Dexter Weinblut, deputy Director of Outrageous, regarded his boss. “But, Marv,” he said with a hint of rectitude, “we just can’t go through with this. This might be an effective drug!”
"And an inexpensive one! Remember, all our money comes from the fact that cancer drugs are expensive! The pharmaceutical companies that fund our programs! The people who stand up and volunteer hundreds of millions every year! The academic community that runs our protocols! Even the hick members of Congress who want to start giving us public funds!”
“But Marv, if they ever catch wind of—”
“They won’t! By the time we’re through with ‘blueberry lincture,’ they won’t want to hear those two words again!
“And that goes for the Boom-Bay Cancer Institute!” Dairywhimple asserted.
“But, Boss. They’re a legitimate cancer institute—even though they’re tiny. What’s wrong with them?”
“They’re the ones that developed ‘blueberry lincture,’ you idiot. Do you want the public to begin thinking that a small institute located on an obscure lagoon in Michigan has developed a cancer drug—from blueberries of all things—that is eclipsing our work, when Congress is getting ready to shell big bucks out of its pockets for us?”
“But, Marv.
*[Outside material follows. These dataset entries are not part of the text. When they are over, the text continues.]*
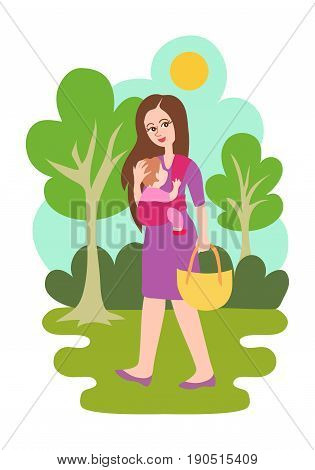 Mother with a child walking in a park on a sunny day. Bright modern trendy flat cartoon style illustration isolated on white background. Woman carrying her child in a baby sling. Outdoors babywearing.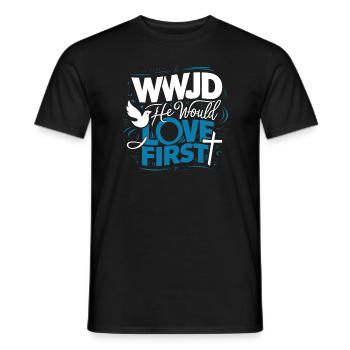WWJD HWLF Jesus would love First Christian - Men's T-Shirt - black - Front - AI Model Male 178 light (178cm)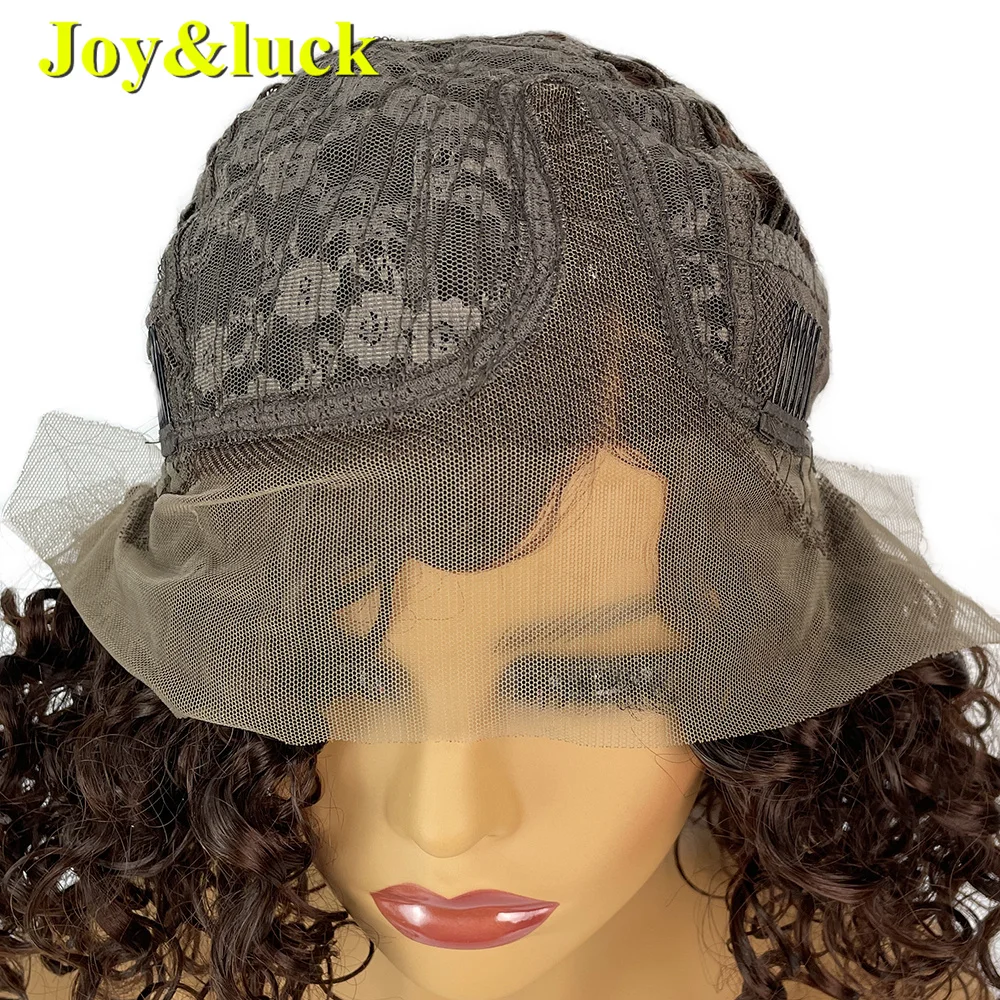 Wholesale Price Lacefront Wig For Women Daily Life Side Part Natural Short Deep Curl Brown Lace Front Synthetic Ladies Hair Wigs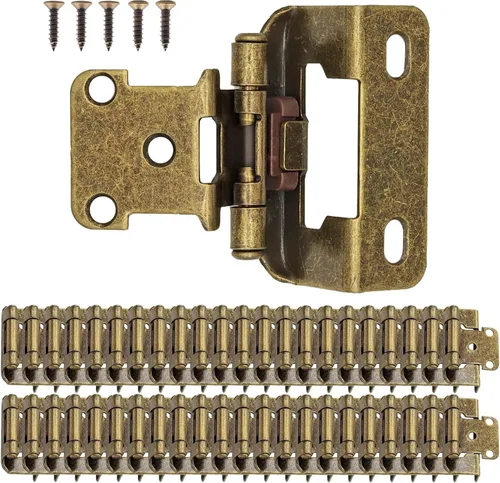 Vista 19 de Bisagras de puerta de gabinete de envoltura parcial de 1/2 pulgada, bisagra de gabinete de cierre automático de latón antiguo para puertas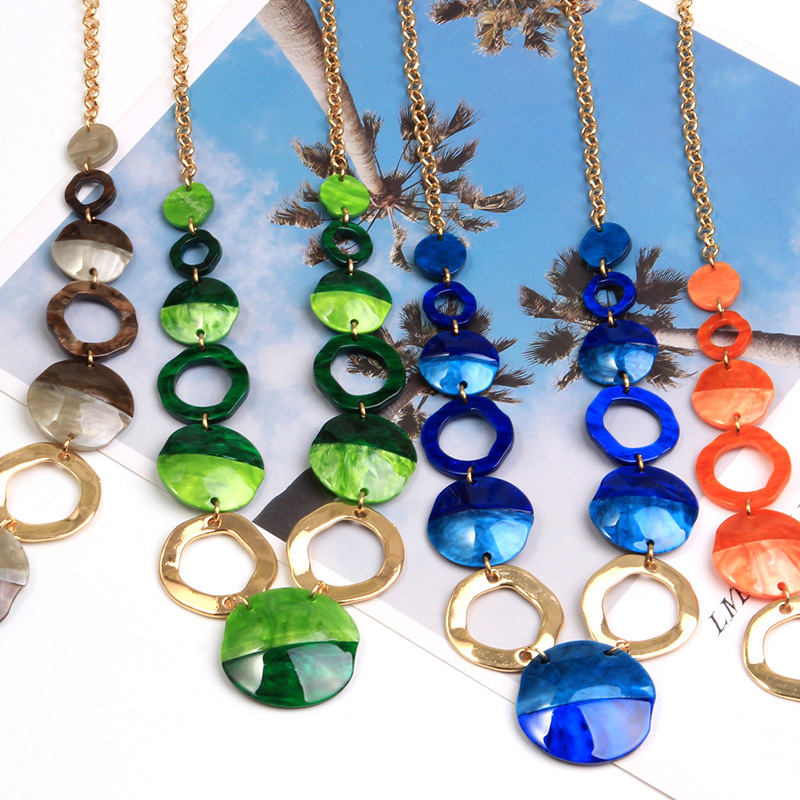 Ketting met acryl cirkels en color-block voor dames_voghion.com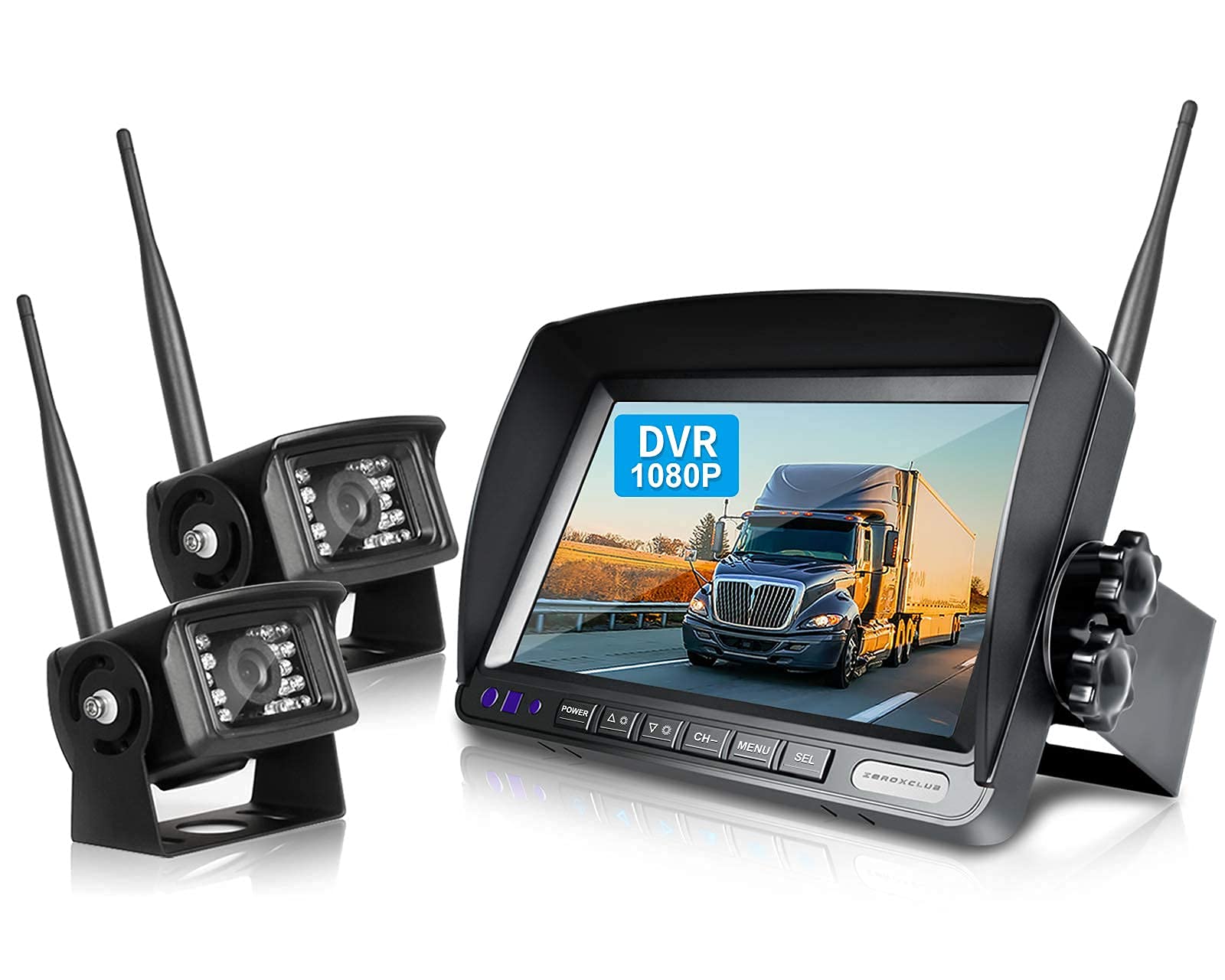 7 Inch Dual 1080P Wireless Backup Camera System Kit with 7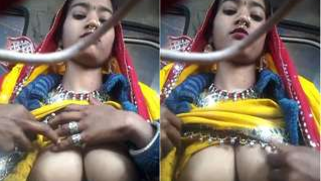 Desi chick pulls her bright dress up to demonstrate big XXX boobs | XXX Video on AllSex.XXX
It’s a legitimate drug. A phtheric alcohol extract fraction of blueberry skin, I’m told.”
“Yes, and it works! We’ve already tested it in mice. But if the news gets out—a small institute on a small budget coming up with the first drug that’s useful against all cancers—it’ll wreck our cancer program. Our institute will really become ‘Outrageous.’ We won’t get any big money from Congress. We won’t be the national leader of cancer research anymore. And we won’t be the world’s clinical headquarters of cancer treatment.
“And besides,” Marvin Dairywhimple heaved his chest. “What if blueberry lincture achieves nationwide clinical testing—where does that leave us?”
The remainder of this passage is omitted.